Dataset content.
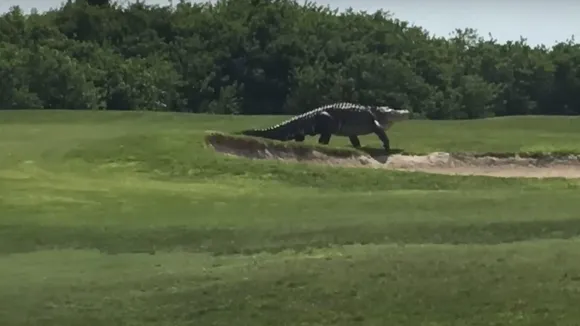 viral crocodile video florida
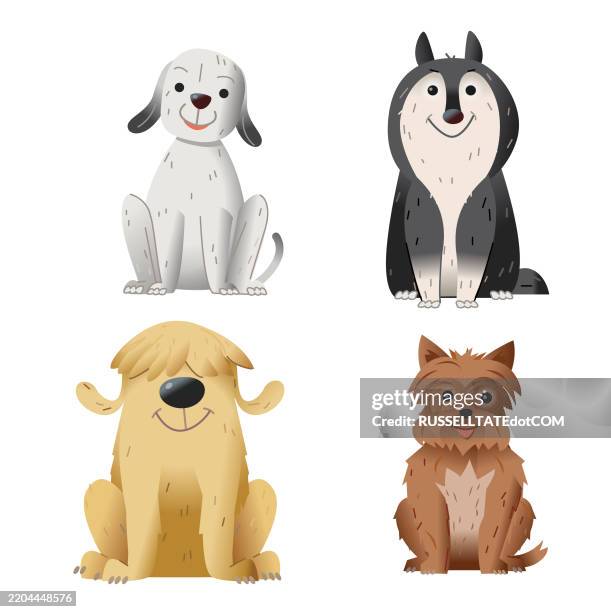 ilustraciones, imágenes clip art, dibujos animados e iconos de stock de terrier, perro pastor y perro husky se comportaron bien sentados y mirando al frente - técnica de ilustración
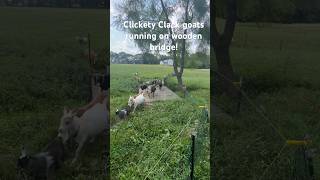 Clickety Clack goats running on wooden bridge facebook goat zioncreekfarm fyp fypシ゚viral [upl. by Bevash]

Task. When you copy the data, keep every line exact and leave out each picture.

Answer to this exercise.
 viral crocodile video florida
 ilustraciones, imágenes clip art, dibujos animados e iconos de stock de terrier, perro pastor y perro husky se comportaron bien sentados y mirando al frente - técnica de ilustración
 Clickety Clack goats running on wooden bridge facebook goat zioncreekfarm fyp fypシ゚viral [upl. by Bevash]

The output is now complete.